La crisis financiera sorprendió además a las entidades bancarias con amplias y pesadas estructuras, a la postre un lastre para unas cuentas de explotación que afrontaban la caída de ingresos. Desde que comenzó la crisis, cada día se han cerrado una media de seis sucursales en nuestro país, de manera que, de las 46.000 que llegó a haber en 2008, se ha pasado a menos de 28.000, y es previsible que la cifra continúe descendiendo. A todo ello ha seguido un ajuste en el empleo que, con las previsiones que se manejan para el actual ejercicio, sumaría los 95.000 trabajadores en todo este tiempo.

En paralelo a estos problemas estructurales del sector financiero, del que derivó una crisis de confianza e imagen para todo el sistema, a la altura de los años 2008/2009 comenzaron a emerger nuevos competidores, empresas muy especializadas en determinados nichos del mercado financiero y soportadas por las tecnologías de la información. La propuesta de valor de las fintech estaba basada, y su modelo se mantiene aún intacto, en operativas caracterizadas por mayor agilidad, inmediatez, transparencia y costes ajustados.

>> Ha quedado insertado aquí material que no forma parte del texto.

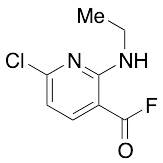 6-Chloro-2-(ethylamino)pyridine-3-carbonyl Fluoride - image 1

A este fenómeno se ha unido en los últimos tiempos la amenaza de los gigantes tecnológicos, que han comenzado a incorporar productos financieros en sus plataformas digitales, empezando a competir con éxito en ciertos segmentos, como pagos. De hecho, recientemente, el Banco Central Irlandés (ICB) autorizaba a la multinacional Google a operar como una entidad de pago en este país y en toda la Unión Europea. Y otras empresas, como la omnipresente e inevitable Amazon, ya han expresado su interés por adentrarse en el sector financiero.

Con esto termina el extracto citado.